4. Il ressort des pièces du dossier que l'arrêté du 26 janvier 2022 par lequel le préfet de Seine-et-Marne a obligé M. A... à quitter le territoire français sans délai, a fixé le pays de renvoi et a prononcé à son encontre une interdiction de retour pour une durée de deux ans, a été notifié à l'intéressé par voie administrative le 26 janvier 2022 par les services de gendarmerie. Le procès-verbal de notification et l'arrêté en litige comportaient des mentions de voies et délais de recours contradictoires, en indiquant un délai de quinze jours pour saisir le tribunal administratif s'agissant du procès-verbal de notification, et de quarante-huit heures s'agissant de la décision elle-même, de sorte que le requérant a été induit en erreur s'agissant des délais dans lesquels il était tenu de présenter son recours contentieux. Par suite, le délai de quarante-huit heures, qui est le moins favorable à l'intéressé, prévu par les dispositions précitées de l'article R. 776-2 du code de l'entrée et du séjour des étrangers et du droit d'asile, ne pouvait pas être opposé au requérant et c'est à tort que le premier juge a rejeté comme irrecevable la demande dont il était saisi, laquelle a été déposée le 9 février 2022, soit avant l'expiration du délai plus favorable de quinze jours à compter de la notification de l'arrêté attaqué, seul délai opposable à l'intéressé.

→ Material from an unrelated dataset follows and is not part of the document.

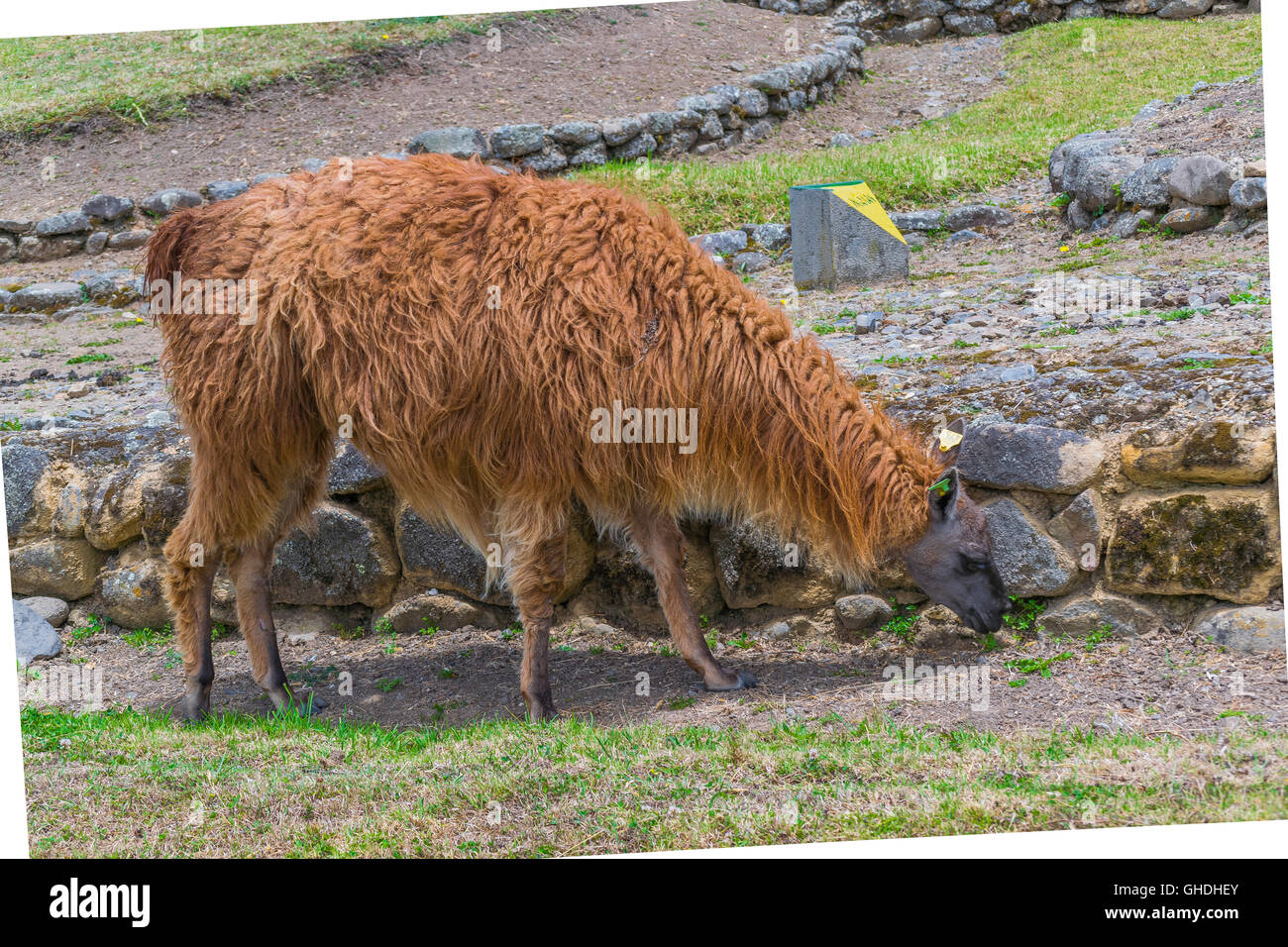 Group of llamas resting at grass at Ingapirca, Ecuador Stock Photo Alamy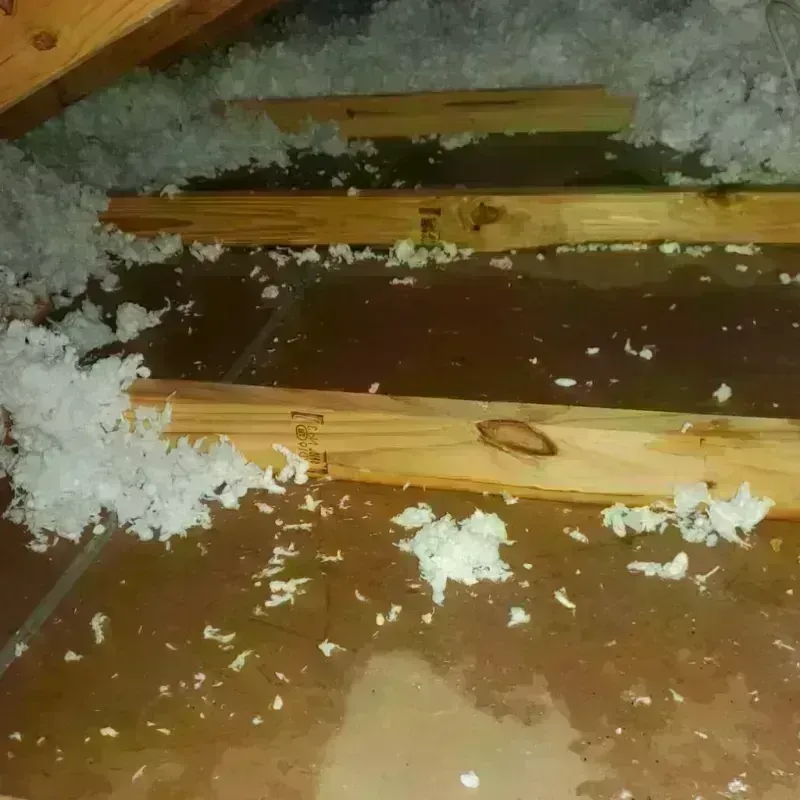 Attic Water Damage in Baldwin, NY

Il s'ensuit que l'ordonnance du 29 mars 2022 du tribunal administratif de Paris doit être annulée.
5. Il résulte de ce qui précède que M. A... est fondé à soutenir que c'est à tort que, par l'ordonnance attaquée, le président du tribunal administratif de Paris a rejeté sa demande comme tardive et donc irrecevable, et à demander l'annulation de cette ordonnance.
6. Enfin, en l'absence de conclusions sur le fond présentées par les parties, l'affaire ne peut qu'être renvoyée devant le tribunal administratif de Paris pour qu'il soit à nouveau statué sur la demande de M. A....
Sur les conclusions tendant à l'application de l'article L. 761-1 du code de justice administrative :
7. Il n'y a pas lieu, dans les circonstances de l'espèce, de mettre à la charge de l'Etat le versement de la somme demandée par le conseil de M. A... sur le fondement de l'article 37 de la loi du 10 juillet 1991.
D E C I D E :
Article 1er : L'ordonnance n° 2203248/12 en date du 29 mars 2022 du président du tribunal administratif de Paris est annulée.
Article 2 : L'affaire est renvoyée au tribunal administratif de Paris.
Article 3 : Les conclusions présentées par M. A... devant la Cour sur le fondement des articles L. 761-1 du code de justice administrative et 37 de la loi du 10 juillet 1991 sont rejetées.
Article 4 : Le présent arrêt sera notifié à M. B... A... et au ministre de l'intérieur et des outre-mer.
Copie en sera adressée au préfet de Seine-et-Marne.
Délibéré après l'audience du 24 novembre 2023, à laquelle siégeaient :
- Mme Heers, présidente de chambre,
- Mme Bruston, présidente assesseure,
- Mme Saint-Macary, première conseillère,
Rendu public par mise à disposition au greffe le 15 décembre 2023.
La rapporteure,
S. BRUSTON
La présidente,
M. HEERS
La greffière,
O. BADOUX-GRARELa République mande et ordonne au ministre de l'intérieur et des outre-mer en ce qui le concerne ou à tous commissaires de justice à ce requis en ce qui concerne les voies de droit commun contre les parties privées, de pourvoir à l'exécution de la présente décision.